[Start of section]

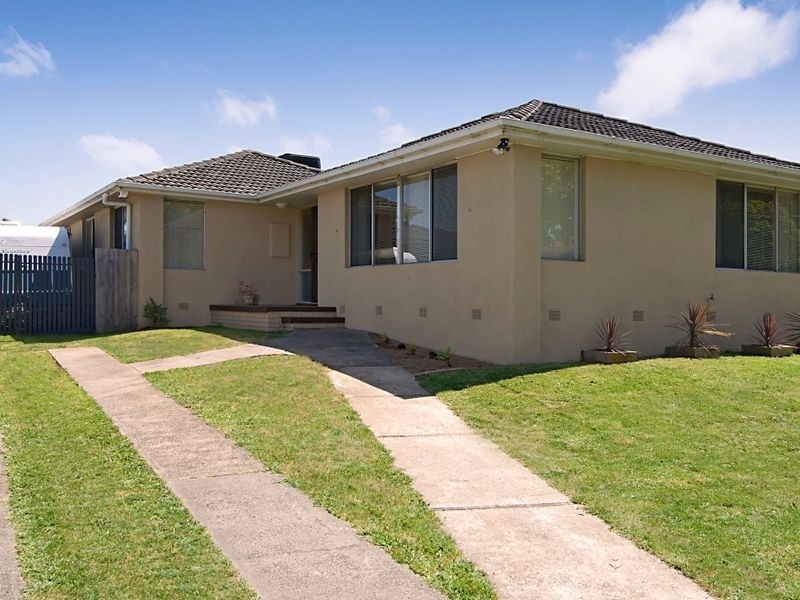 5 Lucerne Crescent, Frankston VIC 3199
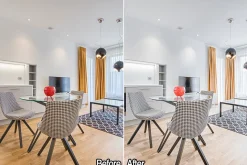 11 Real Estate Lightroom Presets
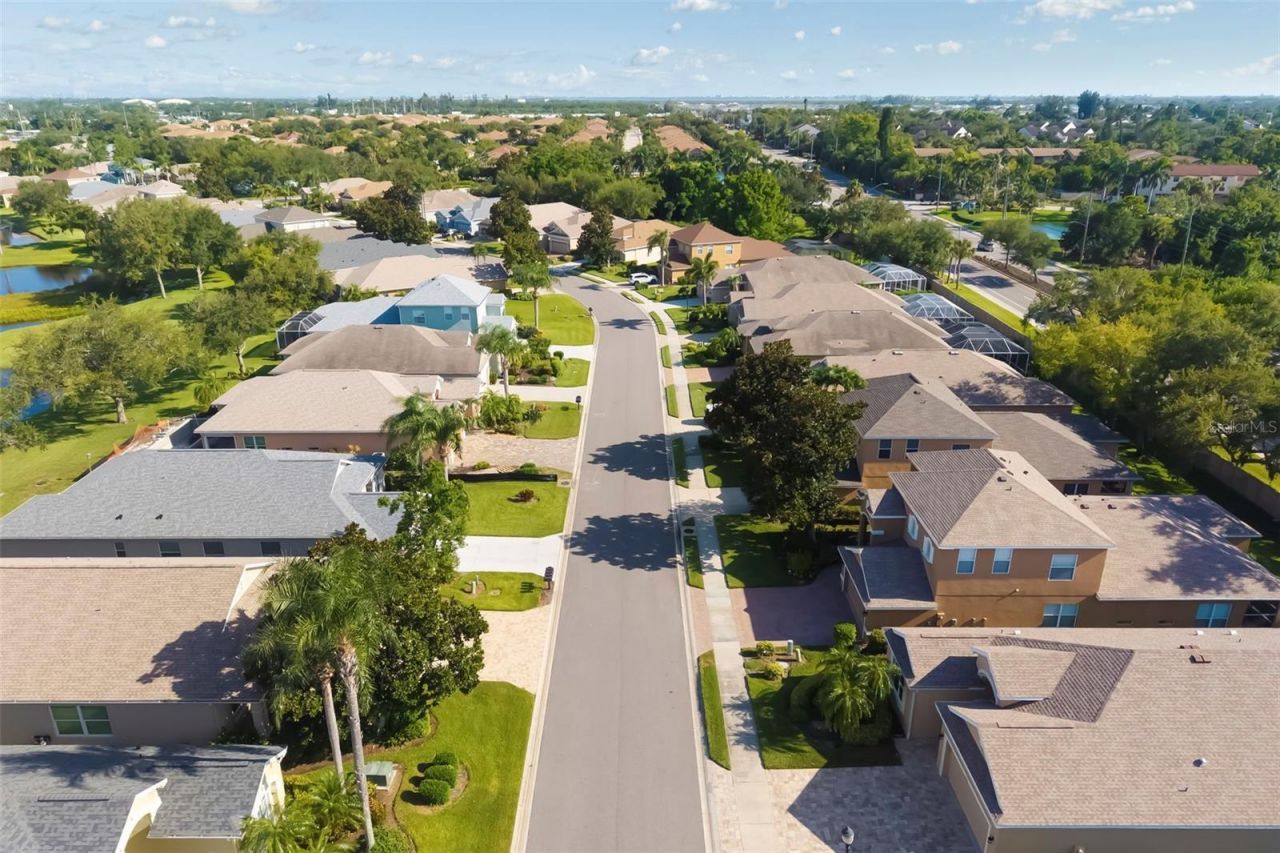 3628 Summerwind Circle, Bradenton, FL 34209 Photo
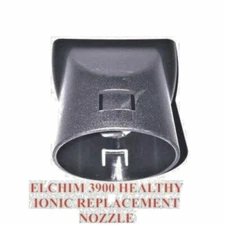 ELCHIM 3900 HEALTHY IONIC  DRYER RED ( BLACK REPLACEMENT NOZZLE ONLY !)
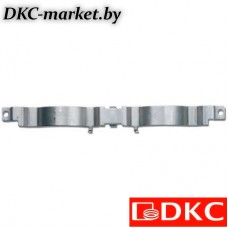 FC37304INOX Безвинтовое крепление для проволочного лотка INOX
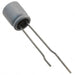 RS80J331MDNASQJT by Nichicon - ALUMIN CAP POLY 330UF 20% 6.3V T/H
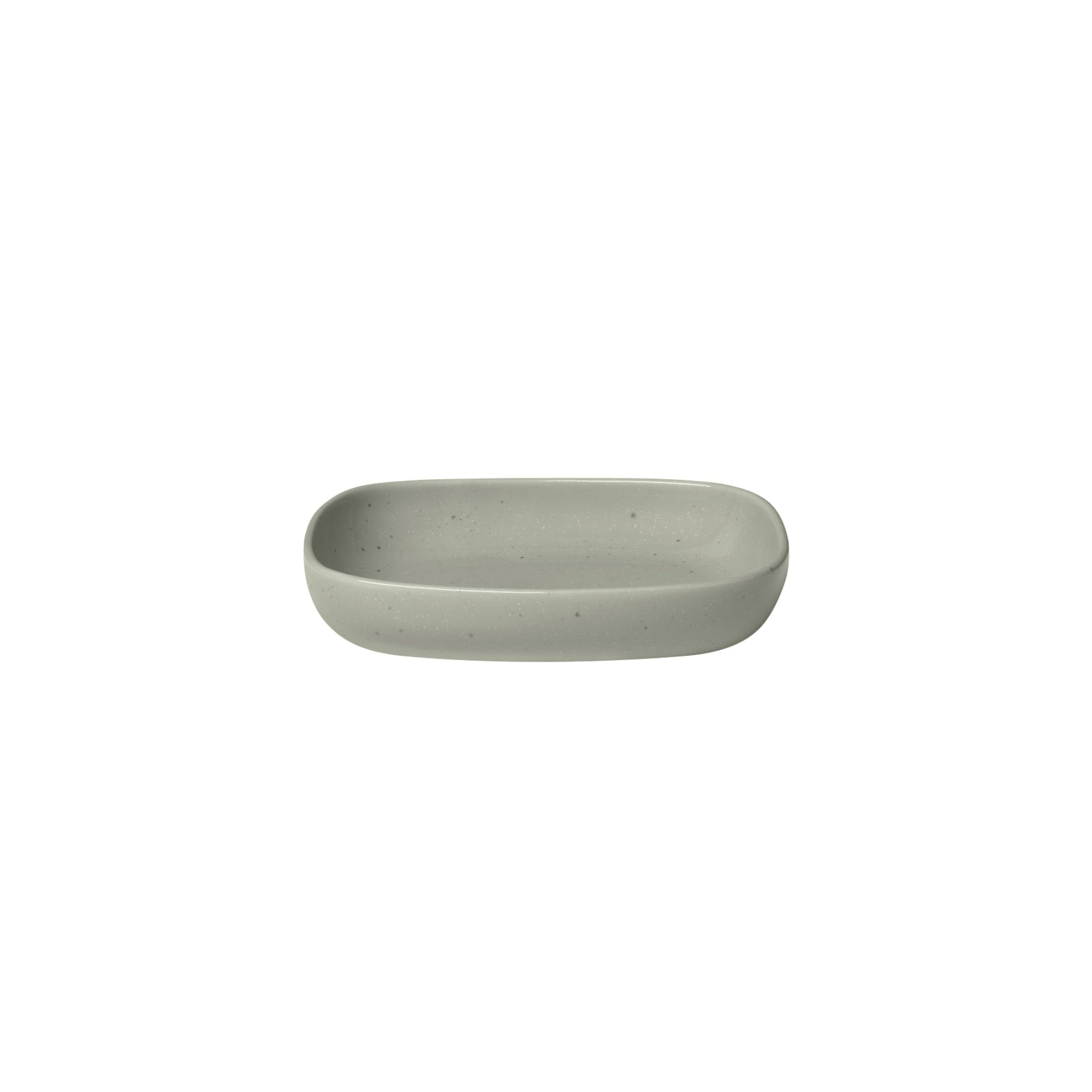 64750 VAHLO Plate Mirage Grey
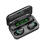 oraimo pods air f9 pro+ earbudsimage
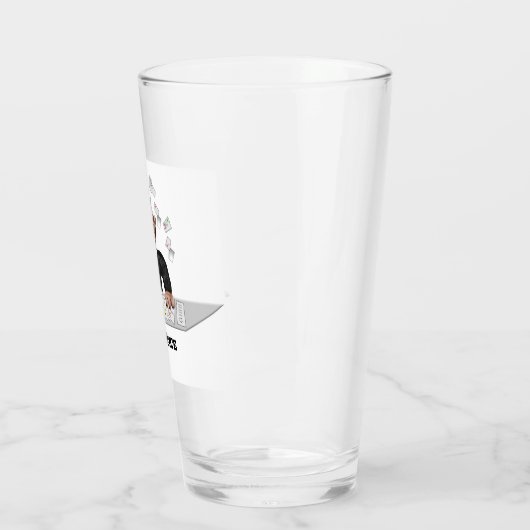 Thuisgebruik, persoonlijk Kantoor Glas (Links)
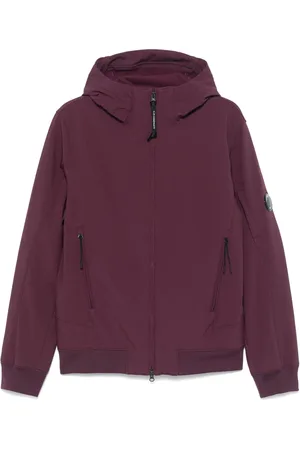 C.P. Company Shell-R Jacke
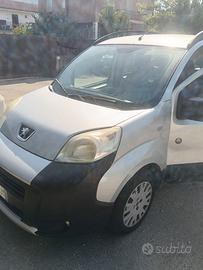 Peugeot Bipper Tepee 1.3 HDI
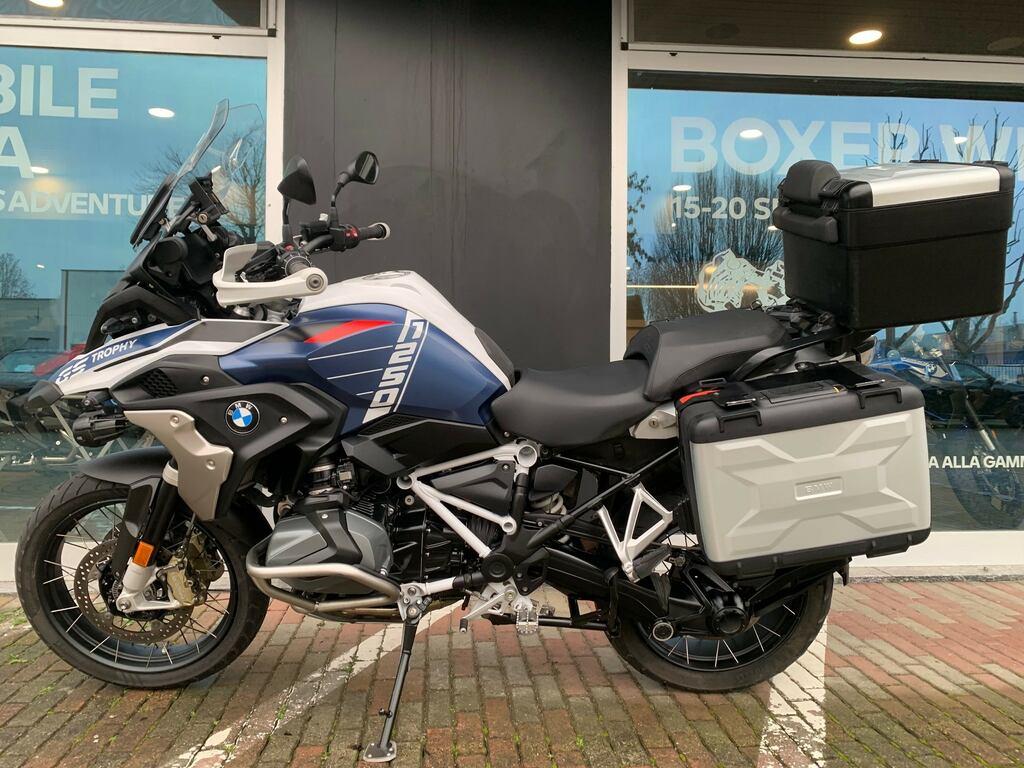 R 1250 GS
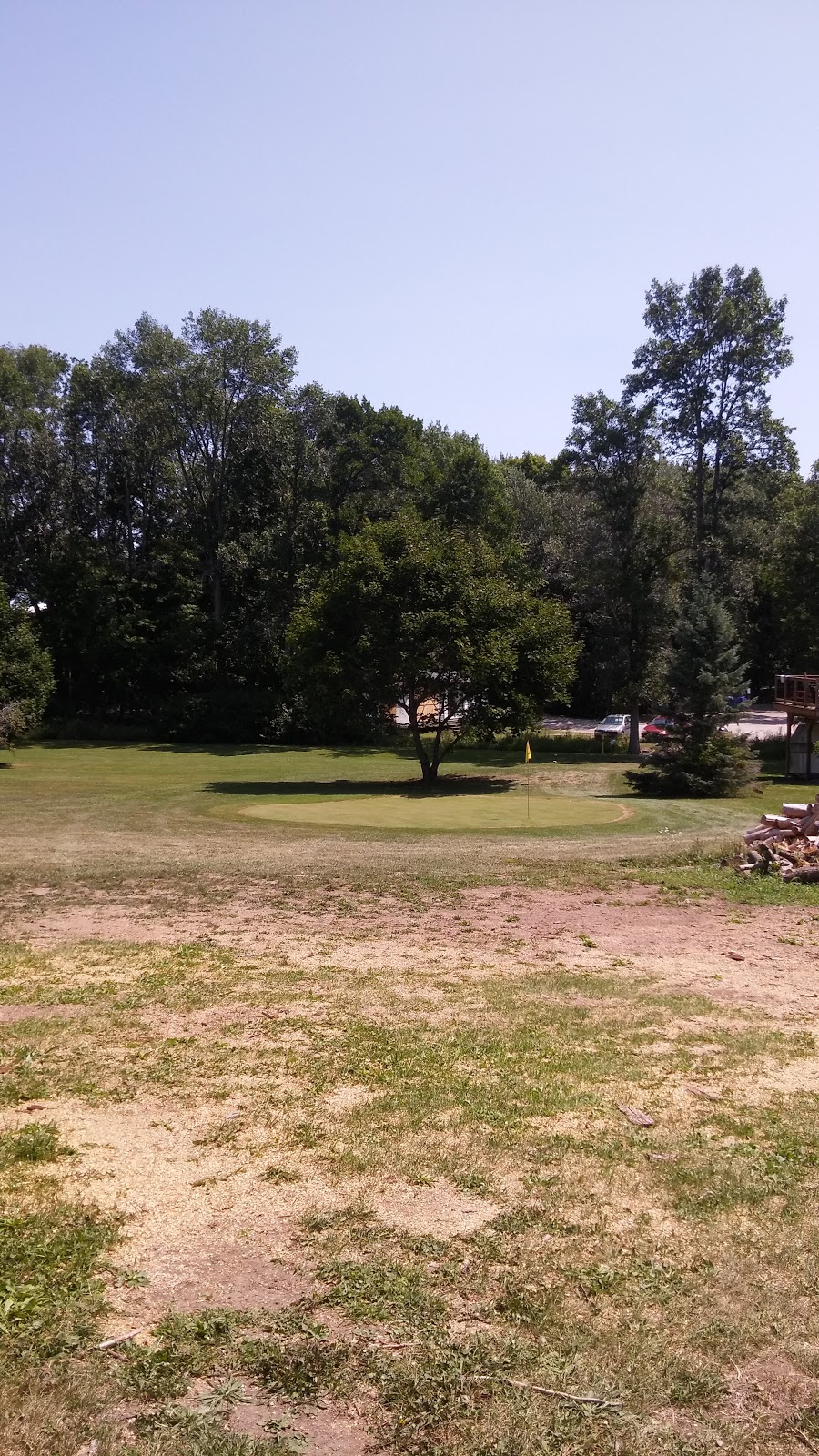 Birdsall Beach Resort | 1170 Birdsall Line, Hastings, ON K0L 1Y0, Canada | Phone: (705) 696-2116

[End of section]

▶ [DIRECTIONS FOR THIS TASK] The records above should be output exactly, but without any of their pictures.

▶ [TASK ANSWER]
 5 Lucerne Crescent, Frankston VIC 3199
 11 Real Estate Lightroom Presets
 3628 Summerwind Circle, Bradenton, FL 34209 Photo
 ELCHIM 3900 HEALTHY IONIC  DRYER RED ( BLACK REPLACEMENT NOZZLE ONLY !)
 FC37304INOX Безвинтовое крепление для проволочного лотка INOX
 RS80J331MDNASQJT by Nichicon - ALUMIN CAP POLY 330UF 20% 6.3V T/H
 64750 VAHLO Plate Mirage Grey
 oraimo pods air f9 pro+ earbudsimage
 Thuisgebruik, persoonlijk Kantoor Glas (Links)
 C.P. Company Shell-R Jacke
 Peugeot Bipper Tepee 1.3 HDI
 R 1250 GS
 Birdsall Beach Resort | 1170 Birdsall Line, Hastings, ON K0L 1Y0, Canada | Phone: (705) 696-2116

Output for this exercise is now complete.